JOHN WICK is the latest entry in what I perceive as a return to the 1980’s Action Movie. We’ve had a lot of them lately. The “Taken” movies. The “Expendables” movies. The “Raid” movies and there’s a handful of others such as Sylvester Stallone in “Bullet In The Head” and Kevin Costner in“Three Days To Kill.” Like those films, JOHN WICK is a B-Movie with an A-Movie budget and cast and it worked for me. It’s got a basic plot that’s just enough to get the movie going and once it does it served up enough full tilt boogie action to satisfy the action junkie in me. It’s stylish and just a little bit surreal. Highly Recommended.
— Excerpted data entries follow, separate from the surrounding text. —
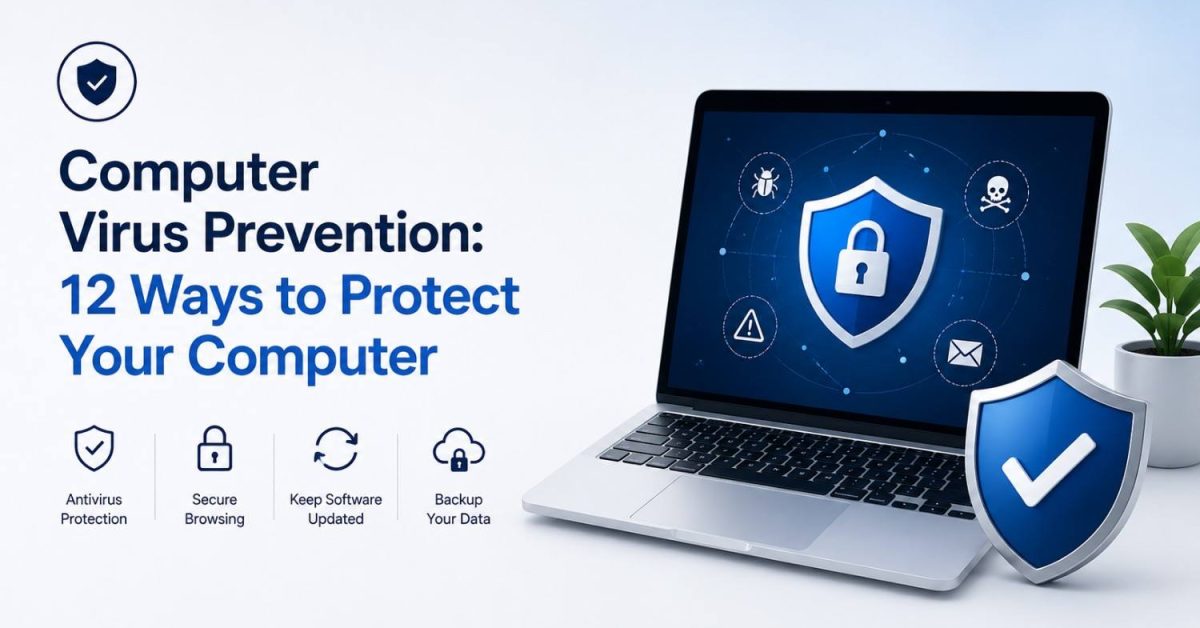 Computer Virus Prevention illustration showing antivirus protection, secure browsing, software updates, data backup, and computer security.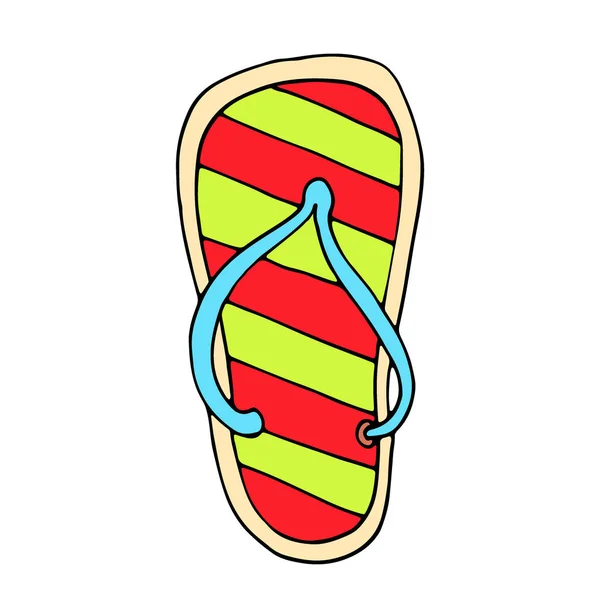 Chanclas Coloridas Atributo Vacaciones Verano Zapatos Zapatillas Estilo Boceto Aislado — Archivo Imágenes Vectoriales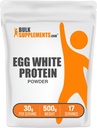 BulkSupplements.com Egg White Protein Powder - Egg White Powder, Lactose Free Protein - Unflavored & Dairy Free, 30g per Serving, 500g (1.1 lbs) (Pack of 1)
11 thoughts on “John Wick”
You know, you’re right. When I finally saw it, John Wick prompted me to write a rant, (I now know I have to stay away from the hitman trope) that I’m still rather embarrassed about. The violence–hyper-stylized and excessive–seemed offensive in current circumstances, etc. Thing is, when taken for what it is, it’s an entertaining film.
I really dug JOHN WICK, but part of me wished it ended about twenty minutes sooner than it did. The visual style brought it to that next level. Great review, Derrick.
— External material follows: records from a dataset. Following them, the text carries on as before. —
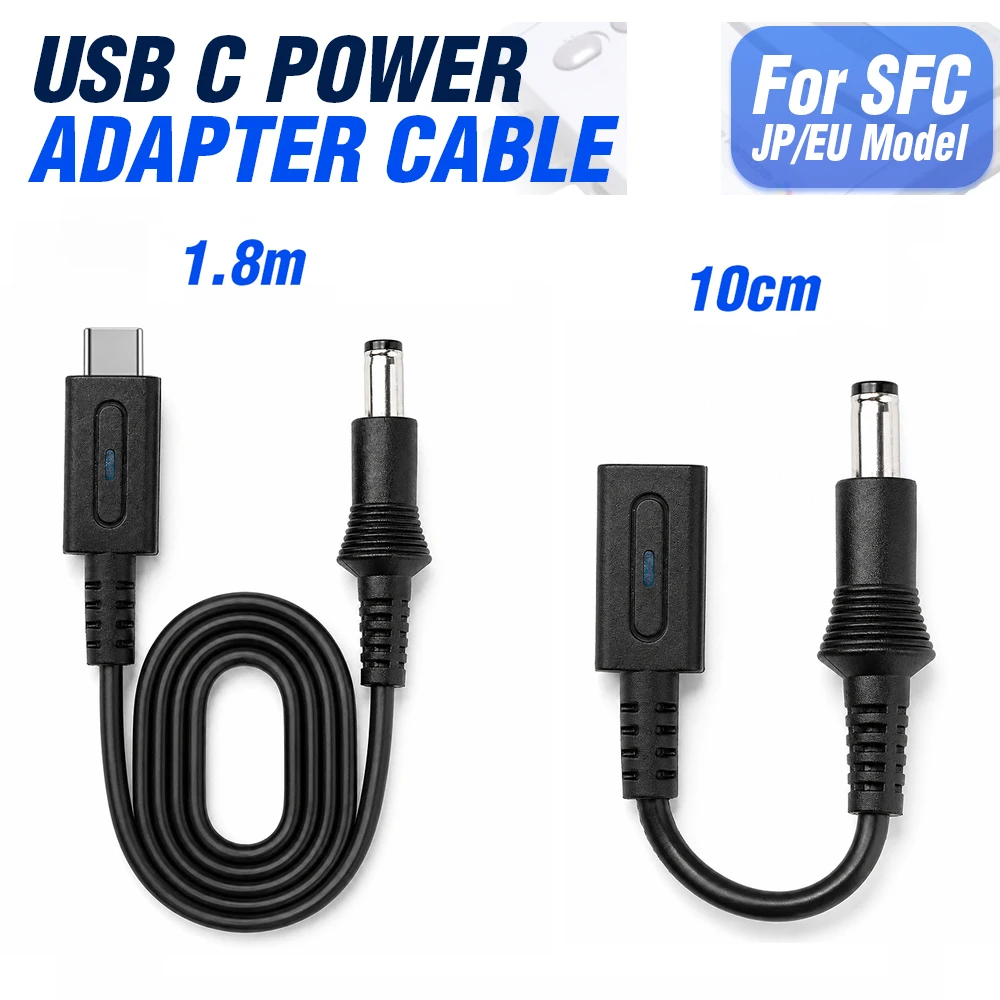 LinkRetro PD 9V USB-C to DC Power Cable Type C Charging Adapter for Famicom SFC MD1 Genesis1 PC Engine Game Gear Console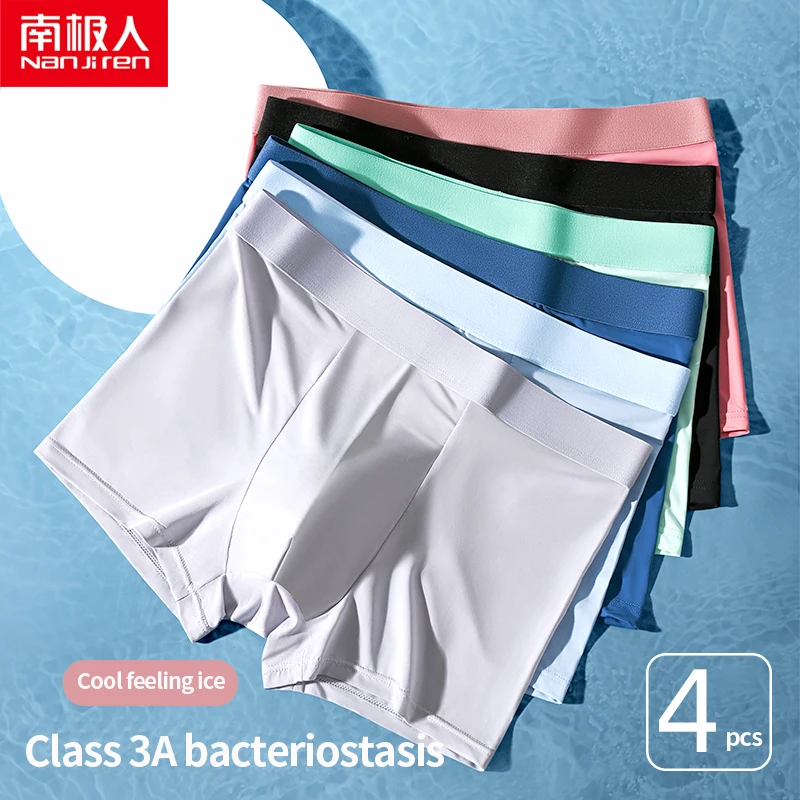 Nanjiren Ice Silk Men Underwear 3A Antibacterial Boxer Solid Traceless Underpants High Elastic Thin Summer 4Pcs Men Panties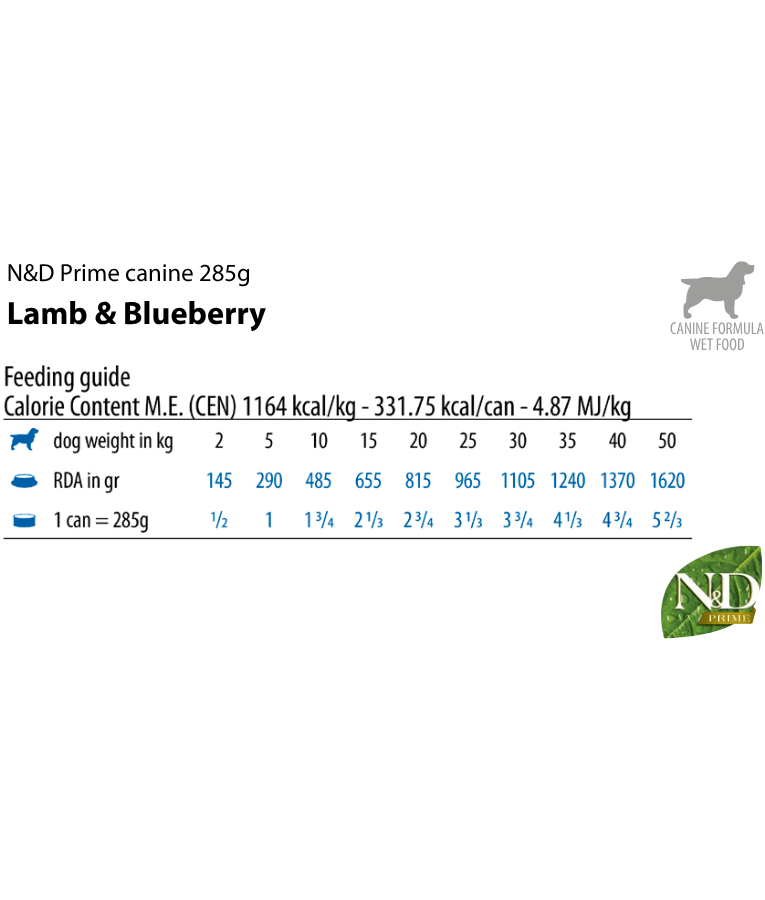 Farmina - N&D Lamb & Blueberry, Grain-Free, High Animal Protein, Low Glycemic, Adult All Breed Sizes Wet Dog Food - 285 g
In one of my novels, I had a tiger get killed when it accidentally jumped off a rooftop (if you want to know why it was on a rooftop in the first place, buy the book)
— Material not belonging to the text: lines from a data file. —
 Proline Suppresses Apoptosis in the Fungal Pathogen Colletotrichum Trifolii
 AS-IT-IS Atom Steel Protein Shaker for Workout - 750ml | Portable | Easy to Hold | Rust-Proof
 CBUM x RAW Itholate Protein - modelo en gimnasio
I got an angry email from a woman who was enraged that i would kill such a beautiful animal for no other reason than entertainment. I sent her back an email saying; “You do realize that this is an imaginary tiger, right? No actual tigers were harmed in the writing of this book”
She replied that it made no difference and that she was convinced that I was a horrid person for even THINKING about killing a tiger.
If you deemed it so, that fictional tiger deserved to die. If I want to color outside the lines, I’ll color outside the lines, damn it!
Sweet review. I especialy like your animal PSA at the beginging. I will have to see this film because the action geek in me wants to. I think it’ll be good, but even if it’s not, it’ll still be bad in a good way. That’s my whole philosophy to actions films anyway.
A friend of mine who’s a dog lover (he has three) told me that he got up and walked out on the movie after the dog was killed. I know there’s a lot of dog lovers who would be similarly upset by such a scene so I thought it only fair to let them know up front so they could make an informed decision as to if they wanted to see the movie or not.
Robert Crais wrote a novel, Suspect, about a K9 officer and his dog. He mention in an interview that people came up to him and thanked him for not killing the dog in the book. He said it dawned on him that he killed six or seven PEOPLE in the story.
Thank you for reading it and glad to know you enjoyed it.
I think the thing about Keanu Reaves is that it is felt that he has gotten by on his looks. Frankly, it seems that a lot of his roles he still playing Ted, the stone teenager from the Bill and Ted series. Now, I haven’t seen John Wick and can’t comment on his acting therein. Plus, this type of action movie something he’s better suited for than some films.